-European brown bear Loki had hours of fun with after unwrapping his favourite present on his first birthday
-The playful cub was also given fruit, cake and elephant dung at his home in Stirling, Scotland
By Martin Bagot
It's surprising how much fun you can have with a big inflatable orange ball.
Loki the European brown bear couldn't leave this buoy alone after unwrapping it at the safari park where he lives in Scotland.
His first birthday also saw him unwrap Elephant dung, fruit and cake to help him savour the day.
Loki had a great time sniffing and bursting boxes which staff filled with his favourite treats and nutrients.
The young bear was helped by his eight-year-old mother Nellie to open the presents and eat a fruit loaf cake baked in the shape of a number one and decorated with dog biscuits, Loki's favourite snack
The one-year-old, born in Blair Drummond Safari Park near Stirling, was particular taken with a buoy he found in one of the boxes staff wrapped with happy-birthday paper.
He tossed the orange ball around his enclosure until it broke and as he explored inside, managed to get his head stuck in it.
Loki's head keeper Vicky Kydd said: 'We filled big cardboard boxes with lots of his favourite enrichment materials and treat bits which included pine wood shavings, elephant dung, balls and old tyres.
'The bears love rolling around in the dung and the wood shavings and it helps them to groom and maintain their coats, particularly over winter.
'We also filled enrichment balls with his favourite treats and Loki had a great time opening his presents.
'I think Nellie was a little bit jealous because they are her favourite treats as well so she was right in there helping Loki open the boxes and I think she stole a few of the presents.'
Loki was named after the Norse god of mischief and weighed just 1kg when born last year.
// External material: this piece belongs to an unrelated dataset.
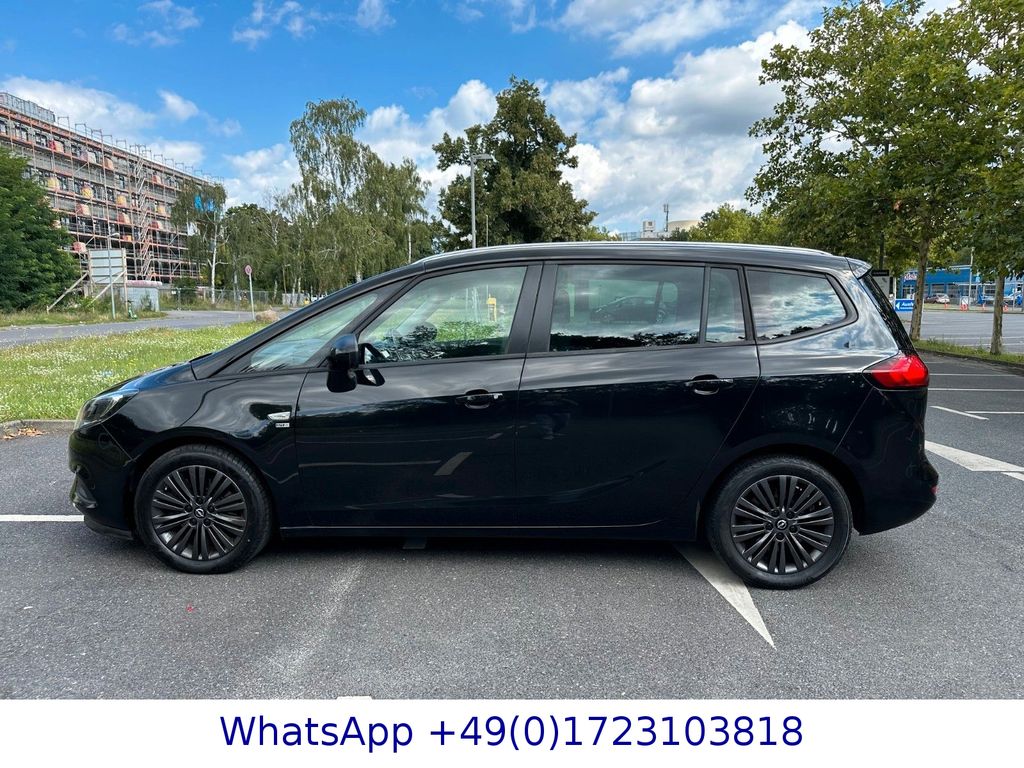 Bild des Angebotes Opel ZAFIRA TOURER-2.0-125KW170PS*NETTO-9.244*AUTOMAT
He now ways around 100kg and can continue to grow to as heavy as 450kg, around 70st, and live for around 30 years.
His father, Bull, moved to Olmense Zoo in Belgium earlier this year, as the bears only come together for breeding and the male plays no part in raising cubs.
Blair Drummond manager Gary Gilmour said the feast of treats will help the bears as they prepare to hibernate.
'Although the bears are less active now and are eating less food, both Loki and mum Nellie made short work of the cake. Honey, nuts and dog biscuit cake is a really good treat but is also good for healthy growth, producing a nice thick winter coat and winter fat storage.
'Loki will run off any excess fat in the spring. He is so playful and an absolute joy to watch in his enclosure.'
Blair Drummond is closed for winter and reopens in March.